Artist David DiMichele asks you to fully immerse yourself in his mind-shattering miniature scenes. For over ten years he's been creating these fantastic 3D installations in his studio, using everything from glass and ice to tree bark and coil. It was only until he made the conscious decision to start photographing these installations that he realized he could create a whole new, compelling body of work. Called Pseudo Documentation, they're an exciting example of what happens when installation art is combined with photography.
In order to create this series, DiMichele first sought out high quality miniature models and then placed them in for scale. He then used a 4×5 view camera and, without any formal training in photography, took pictures of his detailed installations, paying careful attention to lighting, focus and composition. Next, he scanned these photos into his computer and then used Photoshop for only light retouching and for refining his shots.

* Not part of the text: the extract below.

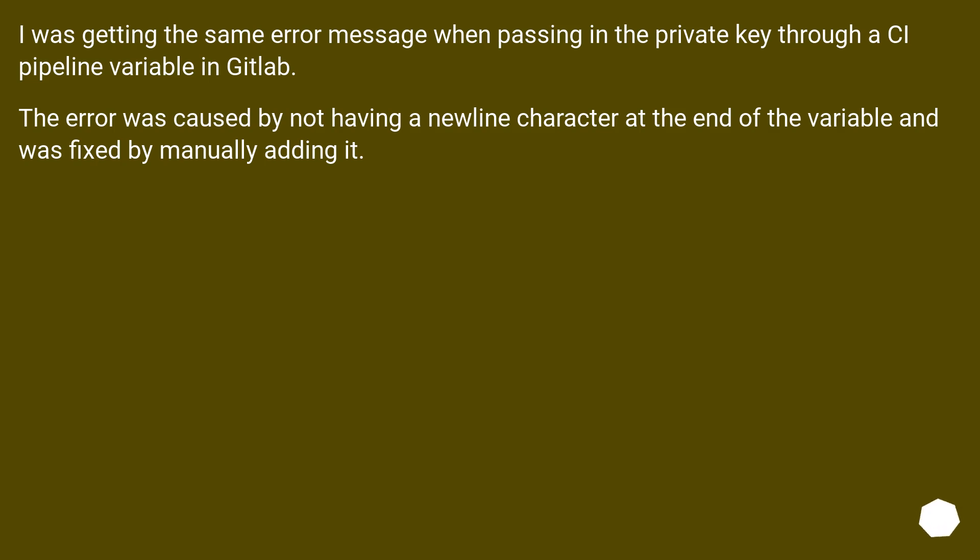I was getting the same error message when passing in the private key through a CI pipeline variable in GitLab. The error was caused by not having a newline character at the end of the variable and was fixed by manually adding it.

Here's what James Lee Tullis of Platinum Magazine said of DiMichele's Pseudo Documentation series: “The fantastical, dream-like effect of a figure isolated in a cavernous hall, surrounded or even overwhelmed by art, is also somehow an unsettling one. Partly this is due to the heightened reality of DiMichele's dioramas, where he is able to precisely manipulate light and perspective, but it is also something more.There is love here- love of art, love of drama, love of architecture- but a certain coldness too. Just as the art is so much bigger, elevated, the human figure is inversely smaller, more vulnerable and subservient to the human vision embodied in art.”